Your best bet will be “friends of the library” book sales.
My library has gone to crap. Big horrible childrens book section. Absolutely zero practical information books. A bunch of non-value added biz and general history stuff...and whatever the fiction genre of the year is.
They don’t even have scanned versions of historical newspapers and magazines....no microfiche and not even digital versions.
I find great value buying a bag of books for pennies on the dollar from all the stuff donated that they don’t want to keep. My library has surpassed 25k books (~10% paperback) and I ran out of room years ago. The best books are the oldest ones...I specifically target anything pre-1960 these days.
I have not read an abundance of such works, but those I have are typically invoking the technology of those days which to me make takes away the timelessness of what such works could have been.
Even Rand's Atlas Shrugged relies heavily on radio even as television was completely taking over the mass media. She simply blew that off, not to mention the emphasis on railways even as passenger air travel was growing exponentially. It was a time of transition.
Still, the obsession with Communism and its tentacles was palpable everywhere. A few years ago I finally got the Whitaker Chambers book ‘Witness’ but wouldn't you know it my vision went south.

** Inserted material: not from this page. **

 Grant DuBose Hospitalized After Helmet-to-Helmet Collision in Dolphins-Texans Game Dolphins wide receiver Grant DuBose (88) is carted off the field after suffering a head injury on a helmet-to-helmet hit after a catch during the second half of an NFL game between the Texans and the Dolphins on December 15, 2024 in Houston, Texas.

It took me several weeks to have the cataract surgery. Gosh was that great.
My vision became as if I were 12 years old again but somehow I never again borrowed (yet) the book. Soon enough. I am done with Kindle, my latest one has barely been used and it locked up on me months ago, inexplicably. I refuse to deal with this shit any longer. I will go back to paper. My local library is part of a big network, so I can get anything pretty much, and it truly is not very far away, easily walkable.
Ya, but how many of them have you read?